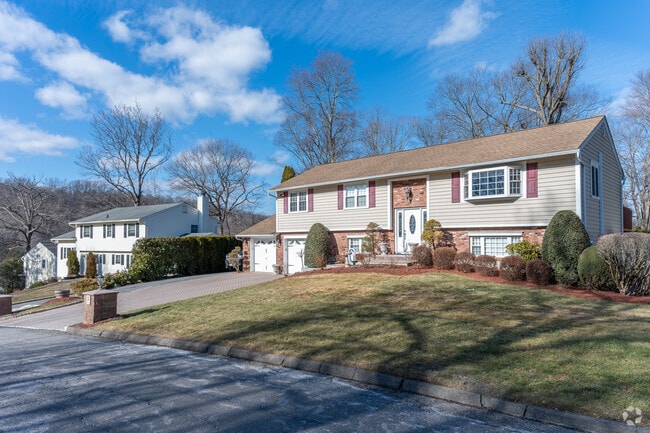 Hilly blocks and winding subdivisions in Yorktown Heights are lined with single-family homes built from the mid-1900s through the 2020s.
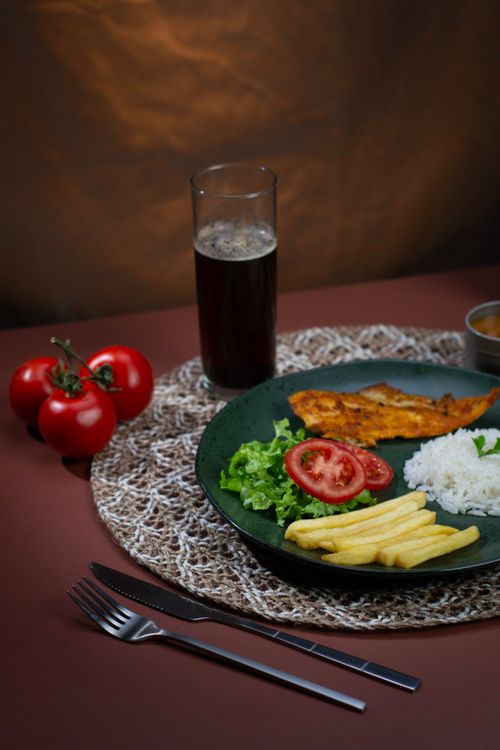Free Delicious Brazilian meal with grilled chicken, rice, salad, and french fries on a set table. Stock Photo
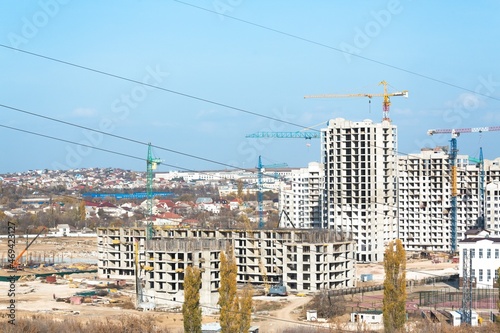 The architectural complex of residential buildings on sky background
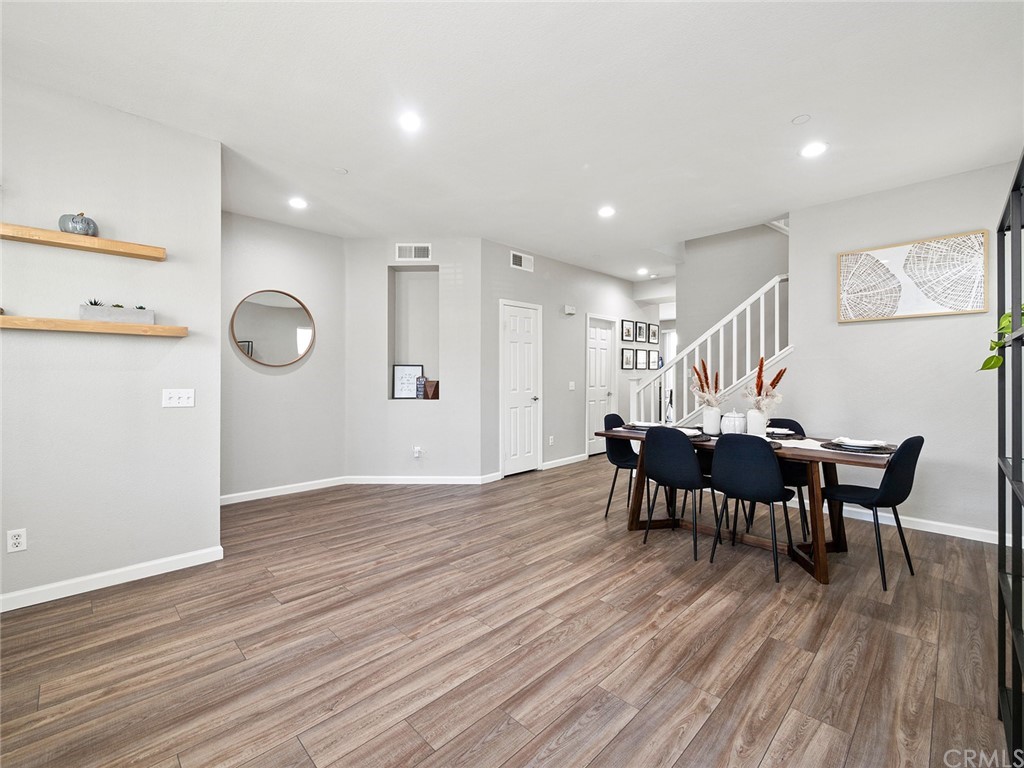 1779 Edmon Way Riverside, CA 92501 - Photo 8 of 63 a view of a dining room with furniture and wooden floor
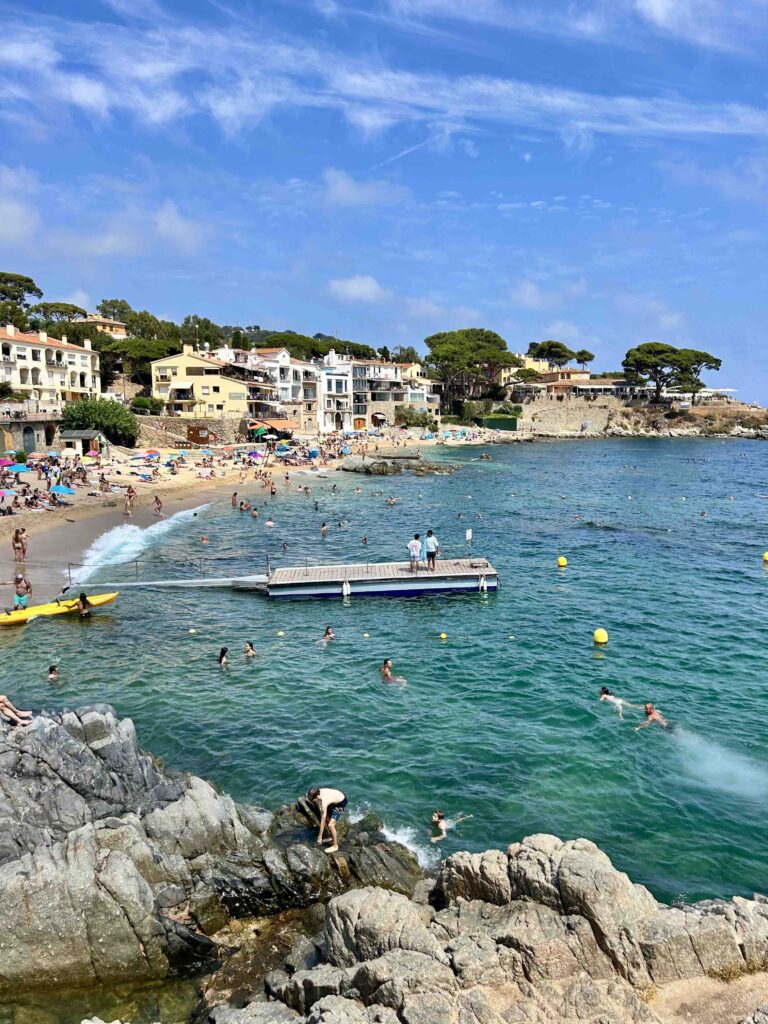 Crowded beach with clear blue water.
·····
Directions: Set the listing down verbatim, excluding pictures.

Answer space:
 Hilly blocks and winding subdivisions in Yorktown Heights are lined with single-family homes built from the mid-1900s through the 2020s.
Free Delicious Brazilian meal with grilled chicken, rice, salad, and french fries on a set table. Stock Photo
 The architectural complex of residential buildings on sky background
 1779 Edmon Way Riverside, CA 92501 - Photo 8 of 63 a view of a dining room with furniture and wooden floor
 Crowded beach with clear blue water.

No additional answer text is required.